General elections were held in Western Samoa on 26 April 1996. The result was a victory for the Human Rights Protection Party, which won 24 of the 49 seats. The Samoan National Development Party won 11 seats, the Samoa Liberal Party 1, and independents 13. Following the elections, the 12th Samoan Parliament was sworn in on 16 May 1996. The HRRP was able to form a government with the support of 10 independent MPs.

Background

During the previous election held in 1991, the ruling Human Rights Protection Party, led by prime minister Tofilau Eti Alesana, won re-election with a simple majority of 27 seats in parliament.

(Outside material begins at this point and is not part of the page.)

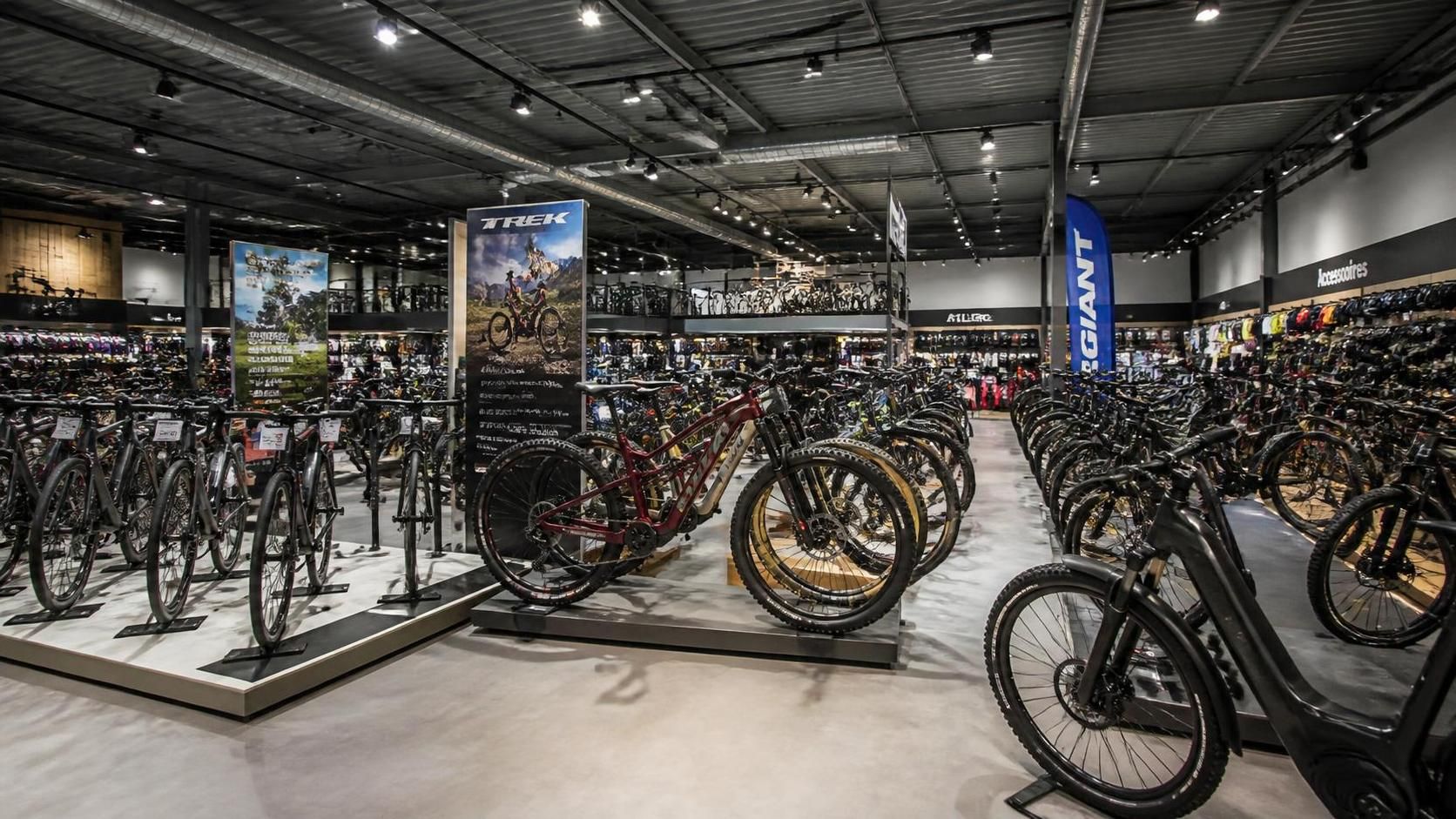 explorez mondovélo à chambéry, la capitale du vélo en savoie, et profitez d'itinéraires cyclables exceptionnels au cœur des alpes.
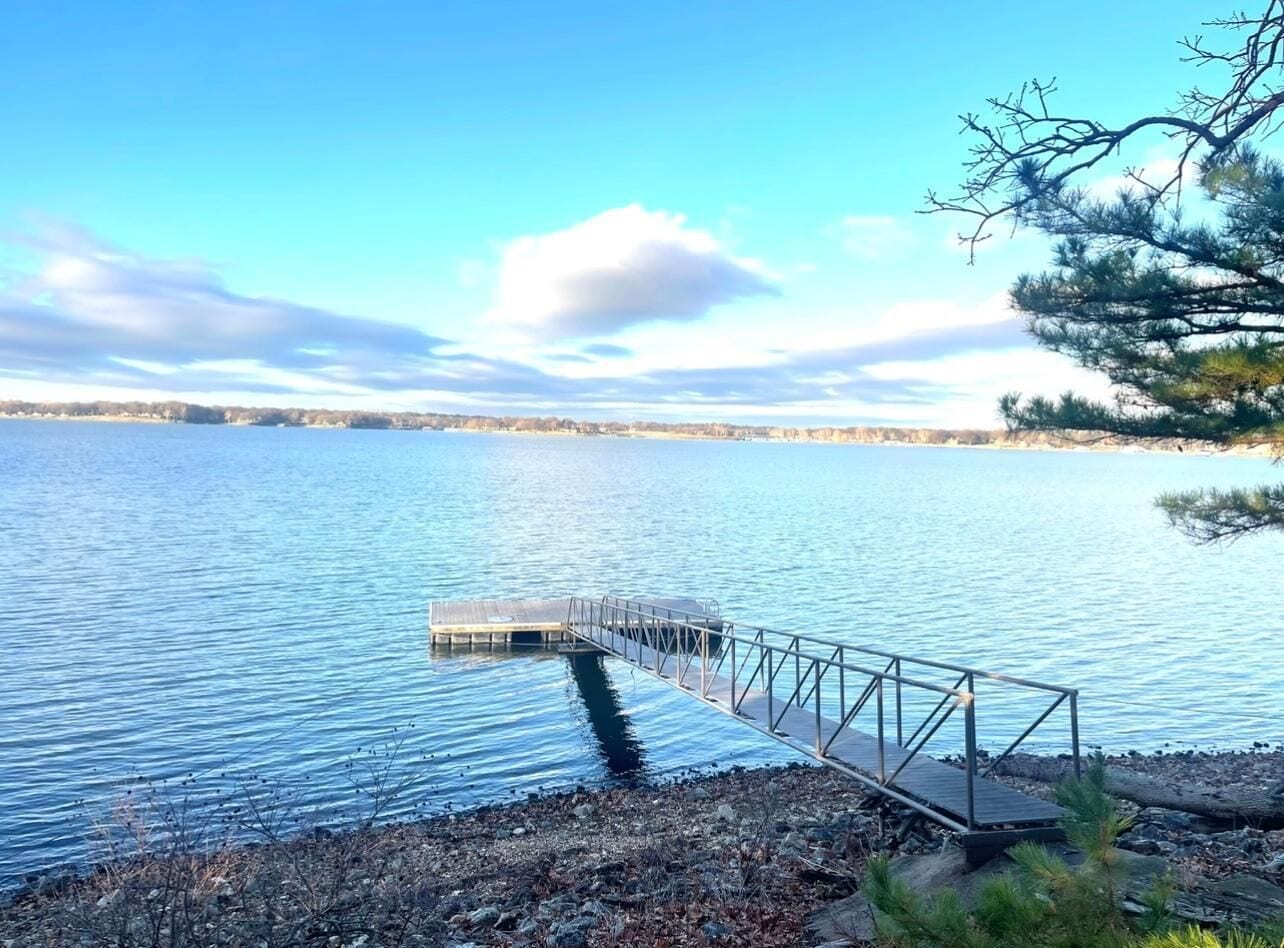 The Lake House is a cozy 2 bedroom at Stony Point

The opposition Samoan National Democratic Party, led by former prime minister Tui Ātua Tupua Tamasese Efi, secured 15 seats, whilst independents won the remaining five.

In January 1994, the government introduced a 'value-added tax' on services and goods, sparking widespread protests. This bill also led to demands that prime minister Tofilau resign. The demonstration concluded after two months when the government agreed to omit the most contentious aspects of the bill. Later that year, the legislative assembly approved a bill proposed by the HRPP government to extend the parliamentary from three to five years. Instead of waiting until the next election cycle for this to come into effect, the government implemented the bill immediately, drawing widespread criticism from individuals such as HRPP MP Matatumua Maimoana, who would later depart from the party. The legislature also voted to increase the parliamentary seat count from 47 to 49.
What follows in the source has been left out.